Это очень важный вопрос. Дело в том, что я вообще считаю,что он в какой-то мере создал некий новый русский поэтический язык, адекватный языку английской поэзии, которую он очень рано усвоил, великолепно чувствовал ее даже тогда еще, когда довольно слабо знал английский язык. Еще до ссылки Бродский особо отмечал антологию английской поэзии, вышедшую в середине тридцатых годов, так называемую "Антологию Гутнера", хотя составлена она была Святополком-Мирским. Но поскольку Мирский был репрессирован, то, чтобы спасти книгу, Гутнер взял на себя неприятную обязанность поставить на ней свое имя. Эту антологию, которую Бродский мне же указал, я имел удовольствие подарить ему в шестьдесят третьем году на день рождения. Впоследствии у Бродского всегда было несколько антологий английской и американской поэзии и, конечно, книг самих поэтов. В его стихах, как вы знаете, множество перекличек с англоязычными поэтами.

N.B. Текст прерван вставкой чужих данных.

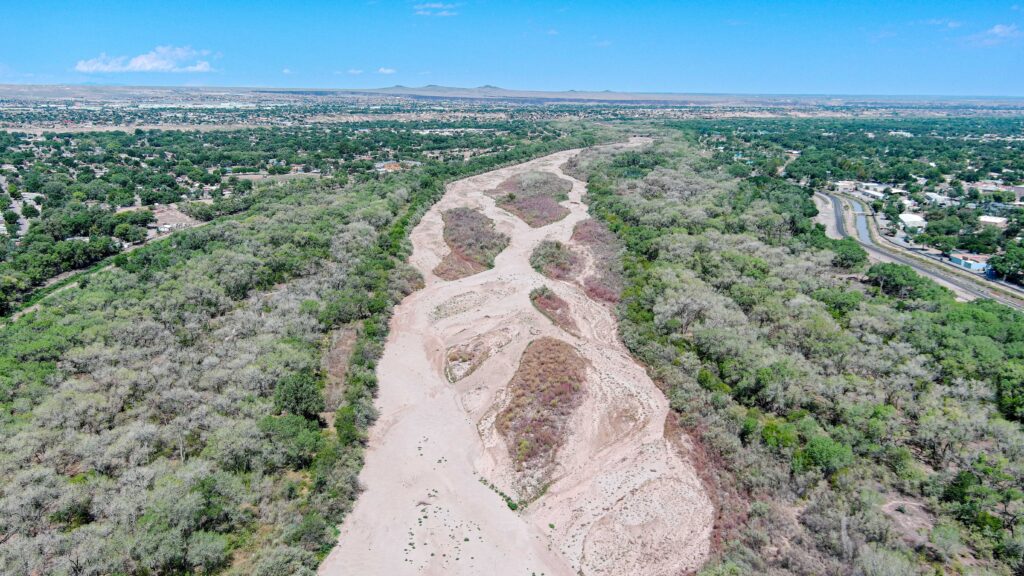 An aerial image of a dry riverbed with browning riparian vegetation on either side.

Несколько раз в давние годы, когда Бродский еще недостаточно знал английский язык, я делал ему подстрочники английских стихов, которые он переводил. Когда я навещал его в архангельской ссылке, он почему-то читал Харта Крейна, поэта достаточно трудного, чтение которого по мере продвижения постепенно свелось к тому, что Бродский периодически открывал книгу со словами: "А что пишет Харт Крейн?"
Отдельная тема — это Бродский и поэты метафизической школы, которых, в особенности Джона Донна, Бродский высоко ценил. Для "Литературных памятников" он должен был подготовить целый том переводов метафизической школы, и я помогал ему составлять эту книгу и написал небольшие предисловия к каждому из входивших в нее поэтов. Мне кажется, что Бродский привил в своем роде некоторые качества английской поэзии — в первую очередь это касается некой особой суггестивности, весомости каждого слова.
Да, безусловно.
Лингвистика XX века тоже в большой мере ориентирована на такой подход. И не только лингвистика, но и философия, и феноменология отводят языку такое же огромное место, как Бродский. В простейшем приближении этот вопрос всегда носился в воздухе. Все мы всю жизнь говорили об эмиграции, это была одна из постоянных тем. Но раньше, в старые времена, разговоры шли вокруг невозможности эмигрировать и невероятных планов, как это сделать. Бродский всегда говорил, что это не для него, потому что отрываться от языка, который слышишь на улицах или в трамвае, для поэта нехорошо. Когда же это произошло, то он с тем большим упором, с тем большим вниманием, вероятно, фиксировался на этой проблеме. То исключительное значение, которое он отводит языку уже не в своей поэтической практике, а в своих высказываниях, может быть, имеет именно такой обертон. Поскольку Бродский человек неконфессиональный, то язык занимает для него то место, которое для конфессионального занимала бы теология.
Я уже сказал, что он создал новую форму русского поэтического языка. Он обострил до невероятности какие-то языковые структуры, которые до него существовали в невыраженном виде или вообще не применялись. Как всегда с большим поэтом, его идентифицируемость в любой строчке лучше всего об этом говорит.